2017-12-30 21:32:29 | タナカ君的日常
 先日の草津YH、 朝9時少し前のこと、 談話室のテーブルに大学生ほどの年頃の若者が二人座って居た。 二人の間には電気ポットが置いてあり、 一人はカップヌードルを所在無げに持ち、 もう一人はインスタントのドリップ式コーヒーの袋をいじっていた。 そしてポットの蓋を持ち上げては「早く沸騰しないかな・・・」そんな面持ちで覗き込んで居た。 その湯沸かし器はヒーターの容量が小さくてお湯が沸くのに時間が掛かるのを僕は知っていた。 そして僕の手には従業員さんに頼んで、お湯を満タンにして貰った1.2リッターのテルモスがあった。 それで湯の沸くのを待っていた若者のどちらへとも無く声を掛けた。

 「このテルモスのお湯を使っても良いですよ」 とね。

 そしたら彼らは喜んでテルモスのお湯を使って呉れました。 そんな事があったのを切っ掛けに話が続きました。 彼らは台湾出身で東京に留学中(早稲田大学)の学生さんだとか、 草津に来るのに新幹線で軽井沢、 そこからバスに乗り換えて草津までやって来たなんて話を聞きました。 片道の交通費がおよそ7000円もしたらしい。 YHのブックシェルフには高速バスのチラシが入って居るのを知っていたので、 それを見せて、 新宿のバスタから直通のバスで草津に来れる事、 運賃は彼らのルートの半分ほどで済む事などを話してあげました。

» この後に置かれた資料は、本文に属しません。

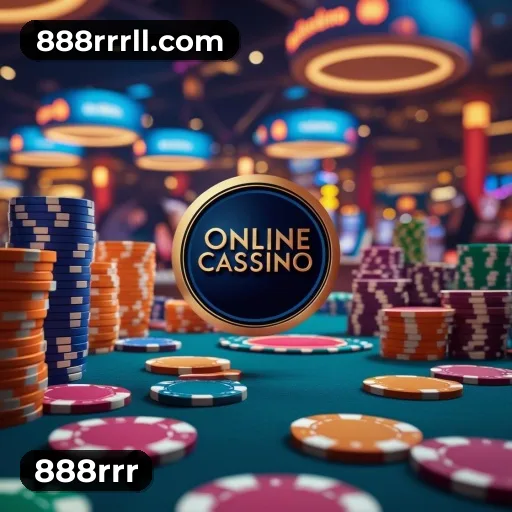 888rrr PIX Instantâneo - Saques em 8 Minutos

 そんな会話が進んで居る時に、 彼らの方から僕に質問がありました。

 「オジイサンは何処に家がありますか?」 と。

 一瞬ギョッとした気分になりました。 だって今迄ボクは他人から「お爺さん」と声を掛けられた事は無かったし、 そう呼ばれるのが嫌だったから、 孫にも「じいじ」とか「おじいちゃん」なんて呼ぶのを断って、 「おじちゃん」と呼べと拘って過ごして来たのです。

 でも考えてみたら・・・

 頭は白髪、 顔面には沢山の老人性のシミが浮かび、 皮膚の張りが無くなった首筋には縦皺が発生していて、  容姿はすっかり草臥れたジジイなのだ。

 初対面の人から 「おじいさん」 そう声を掛けられても不思議は無いのです。 それに彼らの声音に尊敬の呼びかけ言葉としてのそれを感じましたから。 喜んで返事をしちゃいました。